Семь месяцев беспрестанного торжества не насытили Зимку. Она меняла дворцы и палаты, как наряды, ночевала не там, где проснулась, а просыпаясь, раскидывала в истоме руки, ощущая мучительную невозможность объять собой уготованную для наслаждений вселенную. В ворованном счастье ее было нечто лихорадочное. Наслаждение не давалось, отравленное потаенной, никогда не исчезающей вовсе тревогой.
Любовь Юлия отзывалась в Зимке трудной, неразрешимой ревностью к самой себе, к своему краденому обличью. Зимка мучалась, не зная то ли доказывать полное свое тождество с Золотинкой, оправдывая надежды и ожидания Юлия, которые она добросовестно стремилась постичь, то ли, напротив, завоевать его заново, для себя, унизив и опровергнув самую память о Золотинке. Она была непоследовательна и нерешительна и вдруг теряла благоразумие в припадке болезненного своевольства, за которым стояла все та же неизлечимая, как застарелая язва, неудовлетворенность.
И даже самая Зимкина жизнерадостность — то лучшее, что она могла с чистым сердцем подарить Юлию, — носила в себе нечто вымученное, преувеличенное. Во всяком случае, с тех самых пор, как Зимка приметила, что Юлий наслаждается ее весельем и радостью, что оживает ее смехом и заражается ее бодростью. С тех пор Зимка с поразительным постоянством не пропускала ни единого случая и повода для веселья.
Испорченная тайной червоточиной, жизнь ее была полна натужных усилий. С немалым удивлением обнаружив, что Юлий совсем не знает ревности в том привычном, «короткоходовом» ее варианте, который так хорошо изучила Зимка, она почитала необходимым возбуждать эту ревность, окружая себя блестящими молодыми людьми. Ни сном ни духом не помышляя об измене, она, случалось, заводила дело так далеко, что и сама начинала пугаться порожденных ее усилиями призраков, которые принимали совсем не призрачные, телесные очертания.
Временами Зимка с беспокойством чувствовала, что не может точно угадать, не совсем как будто бы, не до конца понимает, что нужно Юлию. Всеми силами пытаясь оседлать и укротить его страстное, в чем-то даже пугающее, небезопасное чувство к ушедшей в небытие Золотинке, она изводила себя и незаметно погружалась в пучину такой всеохватной, томительной, иссушающей любви, что с ужасом ощущала свою беспомощность перед любым ударом судьбы.

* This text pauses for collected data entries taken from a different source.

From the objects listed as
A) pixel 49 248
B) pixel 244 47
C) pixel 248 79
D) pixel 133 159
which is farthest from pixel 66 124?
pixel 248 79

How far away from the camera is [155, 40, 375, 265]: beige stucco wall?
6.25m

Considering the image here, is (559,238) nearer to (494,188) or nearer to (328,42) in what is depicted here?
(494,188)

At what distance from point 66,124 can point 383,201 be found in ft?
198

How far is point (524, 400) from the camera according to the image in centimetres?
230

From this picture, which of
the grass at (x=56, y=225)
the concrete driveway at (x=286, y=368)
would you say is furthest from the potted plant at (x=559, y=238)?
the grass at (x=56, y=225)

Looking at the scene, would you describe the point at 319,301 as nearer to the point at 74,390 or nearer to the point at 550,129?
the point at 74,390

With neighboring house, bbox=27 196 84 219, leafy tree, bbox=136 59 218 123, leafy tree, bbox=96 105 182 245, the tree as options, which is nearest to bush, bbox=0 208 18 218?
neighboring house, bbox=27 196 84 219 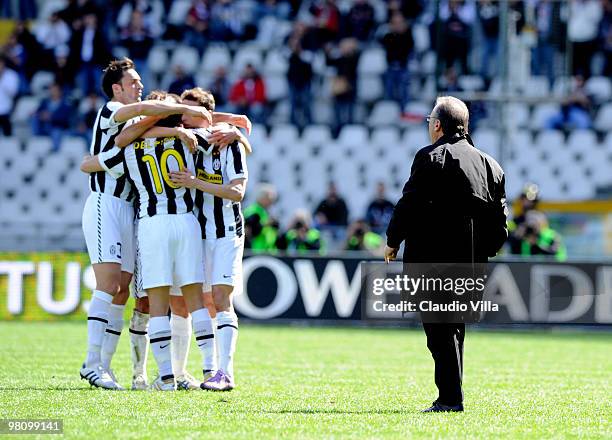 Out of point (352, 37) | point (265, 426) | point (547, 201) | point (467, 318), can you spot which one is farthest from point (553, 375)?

И судьба ходила уже, ворочалась и урчала где-то рядом…
В это беспорочное весеннее утро Зимка проснулась в устеленной пуховой периной ладье, которая была подвешена за штевни к потолку высокого и просторного, назначенного для приема сотен гостей покоя. Но, видно, Юлий все ж таки чего-то не додумал, устраивая эту игрушку: движение сонной женщины, стоило ей перевернуться, вызвало приметную зыбь, не весьма приятную для сухопутного человека.